:: How to complete this task ::
Would you return exactly the lines below from the line with "True TSSU-72-16 stainless" through the line with "Typical houses in", both included, and nothing else, leaving out the pictures?

:: Material shown ::
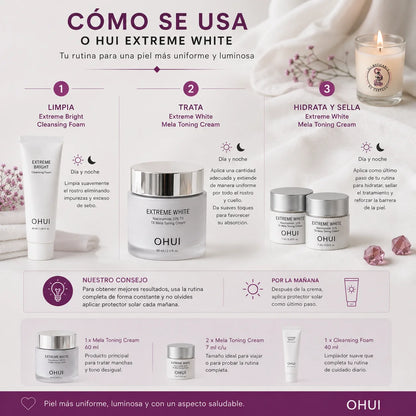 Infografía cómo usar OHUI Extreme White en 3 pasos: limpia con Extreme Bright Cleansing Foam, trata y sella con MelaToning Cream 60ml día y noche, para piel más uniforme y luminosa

==

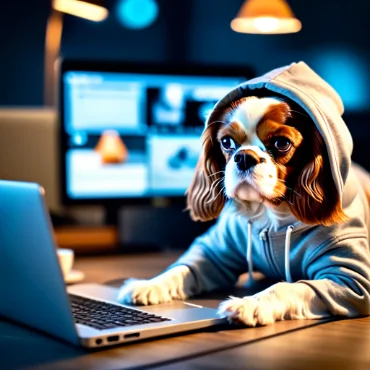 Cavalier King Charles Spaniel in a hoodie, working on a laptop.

...

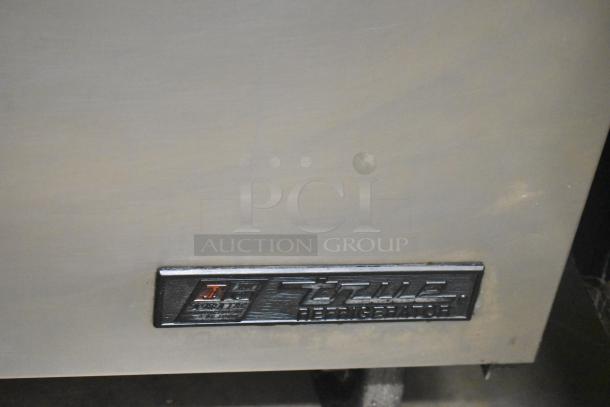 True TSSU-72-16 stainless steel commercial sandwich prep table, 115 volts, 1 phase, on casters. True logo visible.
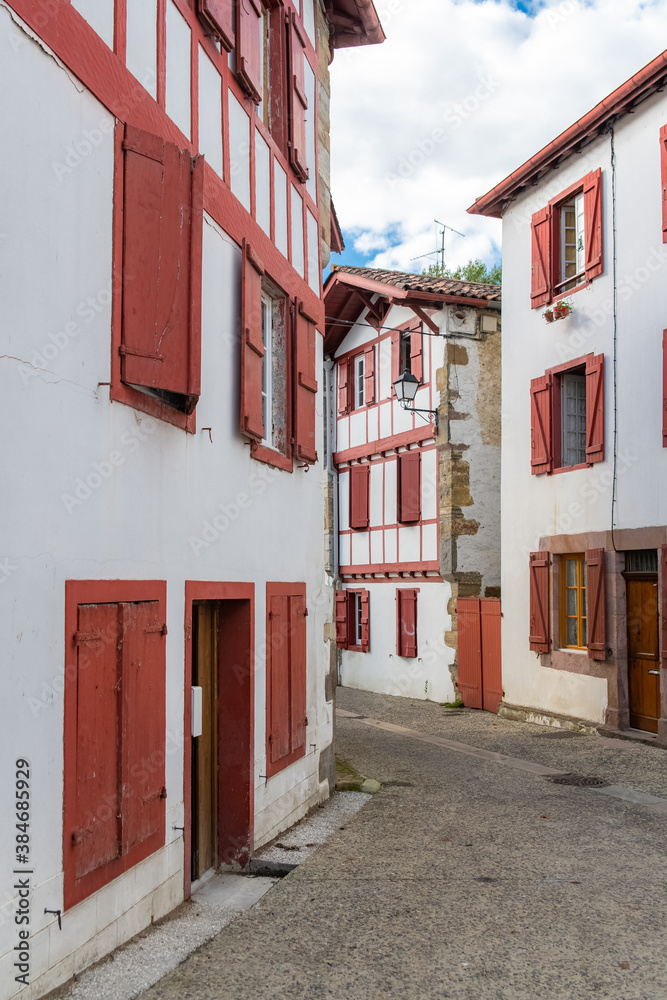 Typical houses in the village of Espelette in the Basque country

:: Result of the task ::
 True TSSU-72-16 stainless steel commercial sandwich prep table, 115 volts, 1 phase, on casters. True logo visible.
 Typical houses in the village of Espelette in the Basque country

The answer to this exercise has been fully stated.